Excerpted data —

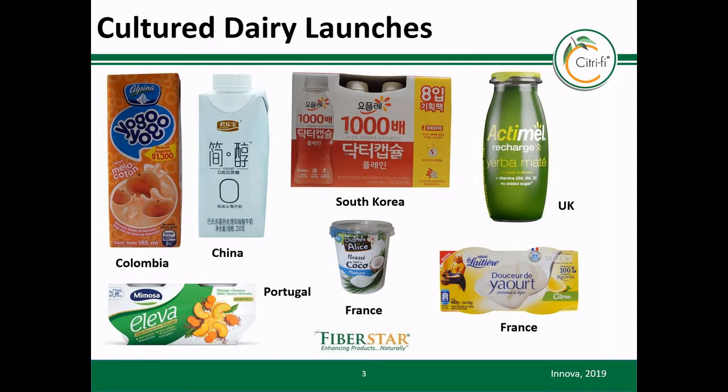According to market data, there are many new cultured dairy product launches using citrus fiber. Many of these are launched globally. However, this list continues to grow annually due to the increased citrus fiber awareness.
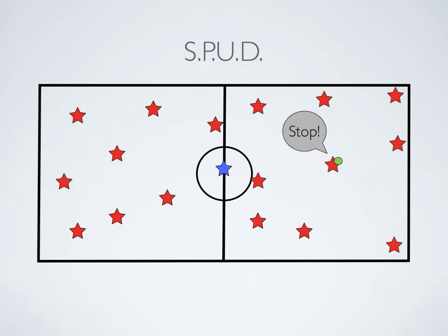Once this has happened, number 14 gets to take four steps towards any student he chooses. In doing so, he'll call out the letters to Spud — S on the first step, then P, then U, and then D finally.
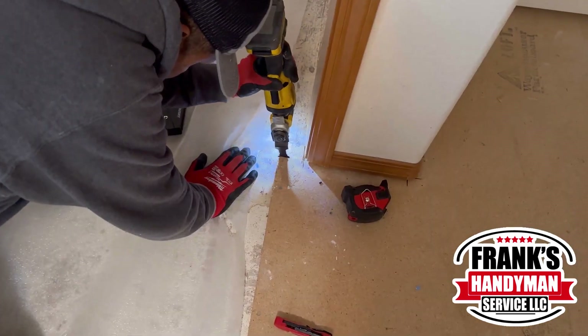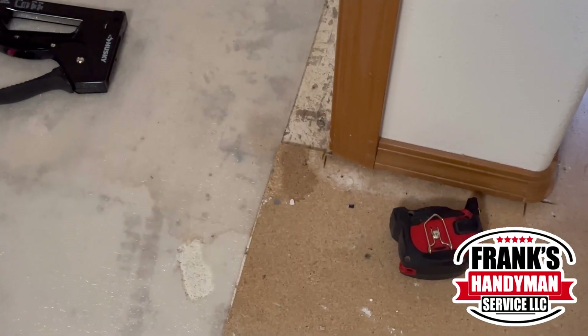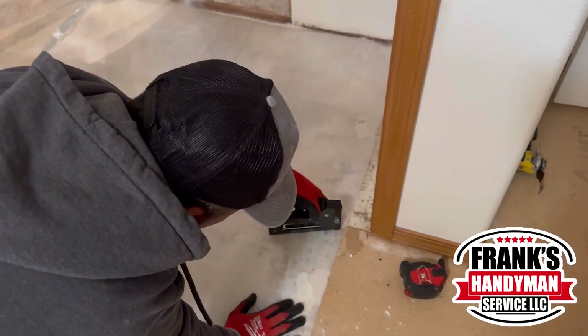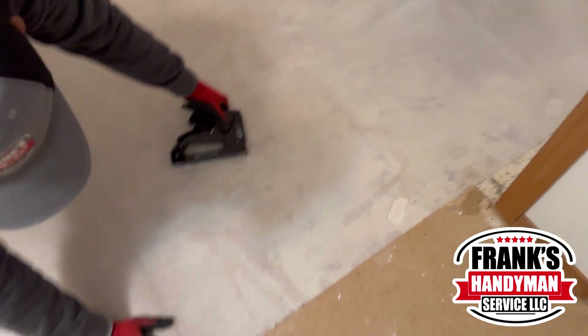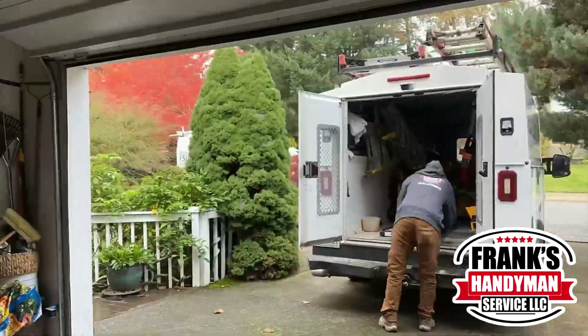There was an issue with a small board here, so he just cut it off. Once he cut it off, he was able to lay the plastic down and put all the staples on. While he was doing this, our other colleague was bringing down all the Everlife vinyl plank flooring.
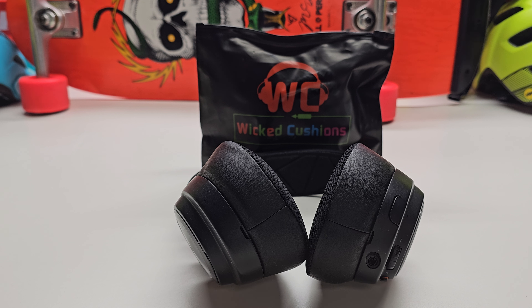For $35, if they have ear cups that fit your headset, I think it's a must-buy. You're wearing your headset for hours — maybe all day sometimes — so being able to get a nicer touch between you and the headset makes a huge difference for comfort. Must-have Wicked Cushions.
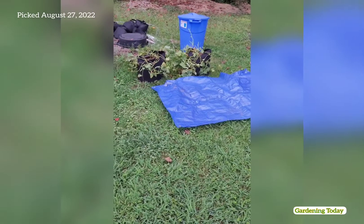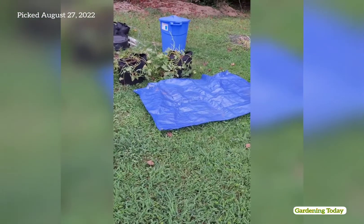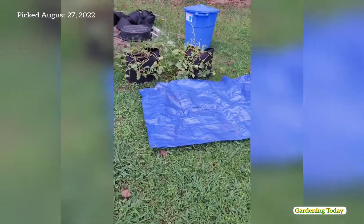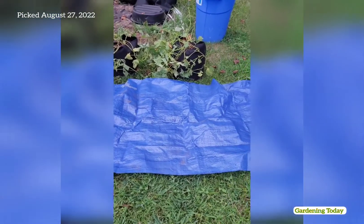Here I'm going to show you what my sweet potato is looking like, if I have any. So we're going to take them out and see if I have any sweet potatoes.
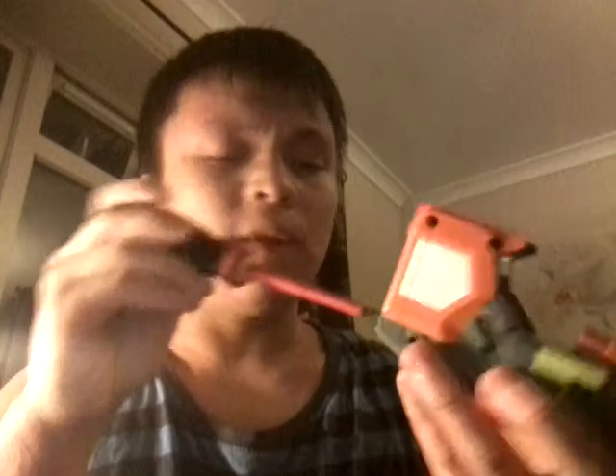That laser runs on two AAAs — you unscrew this front flap, put two AAAs in, and then screw it back on. That's the Pinpoint Sight, and it will just fit normally on any Endstrike Rail.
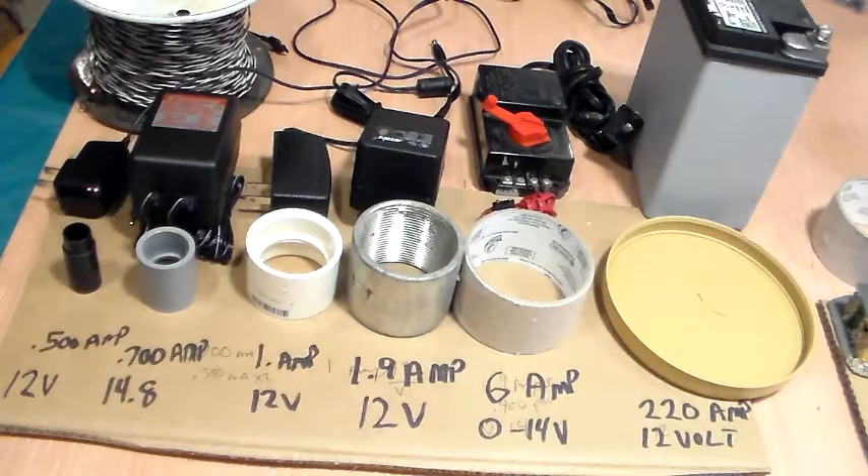We're going to go left to right. That first transformer is a half amp — 0.500. The 500 doesn't mean a whole lot, but that point in front of the five basically means one half amp, and it puts out 12 volts. The next one is a Carrera — it's 14.7 or 14.8 volts and 0.700 amps, so 0.7 amps, not a whole amp.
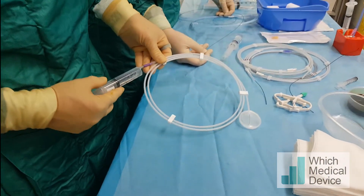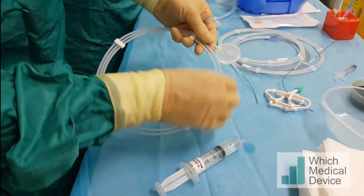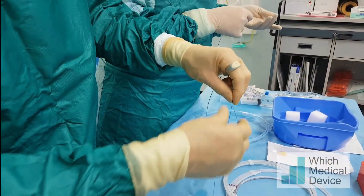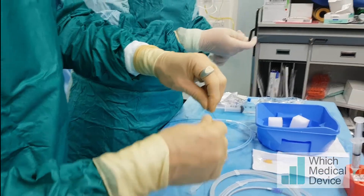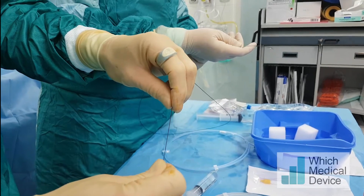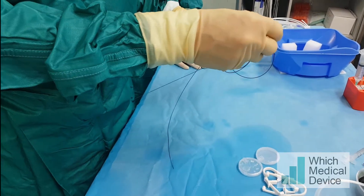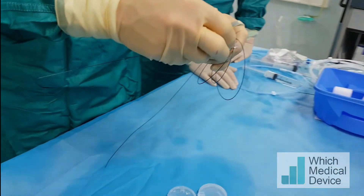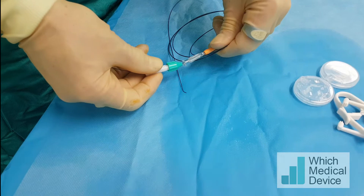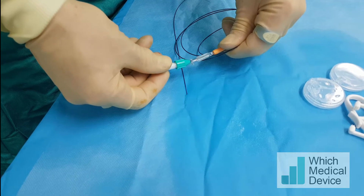I'm going to flush the guide wire first, then back-load it into a 2 French pro-grade microcatheter, feeding it through the back end and taking it right to the tip. Now we're putting the torque device on. You can see the wire has gone through several loops with the catheter. I'm going to protrude it out at the end and check the torque ability — rotating the torque device shows essentially one-to-one torque, which is excellent.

Task requirements —
Give back the listing word for word, minus its images.

Final answer —
According to market data, there are many new cultured dairy product launches using citrus fiber. Many of these are launched globally. However, this list continues to grow annually due to the increased citrus fiber awareness.
Once this has happened, number 14 gets to take four steps towards any student he chooses. In doing so, he'll call out the letters to Spud — S on the first step, then P, then U, and then D finally.
There was an issue with a small board here, so he just cut it off. Once he cut it off, he was able to lay the plastic down and put all the staples on. While he was doing this, our other colleague was bringing down all the Everlife vinyl plank flooring.
For $35, if they have ear cups that fit your headset, I think it's a must-buy. You're wearing your headset for hours — maybe all day sometimes — so being able to get a nicer touch between you and the headset makes a huge difference for comfort. Must-have Wicked Cushions.
Here I'm going to show you what my sweet potato is looking like, if I have any. So we're going to take them out and see if I have any sweet potatoes.
That laser runs on two AAAs — you unscrew this front flap, put two AAAs in, and then screw it back on. That's the Pinpoint Sight, and it will just fit normally on any Endstrike Rail.
We're going to go left to right. That first transformer is a half amp — 0.500. The 500 doesn't mean a whole lot, but that point in front of the five basically means one half amp, and it puts out 12 volts. The next one is a Carrera — it's 14.7 or 14.8 volts and 0.700 amps, so 0.7 amps, not a whole amp.
I'm going to flush the guide wire first, then back-load it into a 2 French pro-grade microcatheter, feeding it through the back end and taking it right to the tip. Now we're putting the torque device on. You can see the wire has gone through several loops with the catheter. I'm going to protrude it out at the end and check the torque ability — rotating the torque device shows essentially one-to-one torque, which is excellent.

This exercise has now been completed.